Однажды поутру Галеаццо пригласил меня зайти к нему. Это было в необычный час, примерно в восемь утра. Я нашел его в ванной комнате. Он только что вылез из воды и, выбираясь из ванны, заявил мне: «Фон Риббентроп нанес мне удар кинжалом в спину. Это фон Риббентроп стоит за Гиммлером. Мне кажется, что в этом мемориале требуют моей головы. Если Муссолини пожертвует мою голову фон Риббентропу, он покажет, что он — то, что все мы знаем и так: он — подлец. — При этом, упираясь обеими руками в свой голый живот, он добавил: „мне надо немного похудеть“». Когда он вытерся досуха, он отбросил свою простыню и, стоя совершенно голым перед зеркалом, начал смолить себе волосы пучком травы, которую он выписывает из Шанхая, травы, которую китайцы применяют как брильянтин. — «К счастью, — сказал он, — я не министр иностранных дел Китайской республики».
И он продолжал: «Ты знаешь Китай так же, как и я; это чудесная страна, но подумай о том, что ожидало бы меня, если бы я там впал в немилость. И он стал описывать мне китайскую казнь, которую ему пришлось наблюдать на одной из улиц Пекина. У осужденного, привязанного к столбу, маленьким ножом снимают лоскут за лоскутом все мясо, кроме нервов артериальной и венозной системы. Человек превращается, таким образом, в нечто вроде сплетения костей, нервов и вен, и сквозь эту сеть проходят солнечные лучи и пролетают мухи. Казнимый может жить так в течение нескольких дней». Галеаццо с мучительной любезностью останавливался на самых ужасающих деталях и весело смеялся. Я чувствовал его желание быть жестоким, и в то же время — его страх, его бессильную ненависть.

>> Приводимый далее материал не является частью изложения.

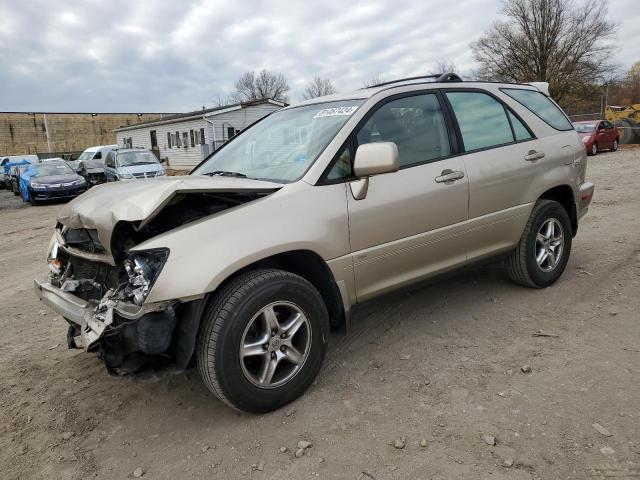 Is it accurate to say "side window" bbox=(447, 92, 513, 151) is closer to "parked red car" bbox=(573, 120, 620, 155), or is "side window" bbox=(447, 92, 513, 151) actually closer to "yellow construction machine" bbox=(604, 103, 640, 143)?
"parked red car" bbox=(573, 120, 620, 155)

— В Италии, — добавил он, — такие вещи происходят приблизительно точно так же. Муссолини придумал казнь гораздо более жестокую, чем китайская казнь: пинок ногой в зад. — И, говоря это, он притронулся к своему заду. — И ведь не сам по себе этот удар ногой причиняет боль, — сказал он, — нет, но ожидание, это постоянное безнадежное ожидание — ежедневное, ежечасное, ежеминутное. — Я сказал ему, смеясь, что он и я — мы оба были провидцами, потому что у нас, к счастью, большие зады. Галеаццо помрачнел и, ощупывая эту часть своего тела, спросил меня: — «У тебя в самом деле такое впечатление, что у меня большой зад?» Он был очень озабочен тем, что эта часть его тела разжирела. Потом, одеваясь, он сказал мне: «Муссолини никогда не сделает из моей головы никому подарка — побоится. Он знает, что все итальянцы за меня, итальянцы знают, что я единственный человек в Италии, который имеет смелость противоречить Муссолини».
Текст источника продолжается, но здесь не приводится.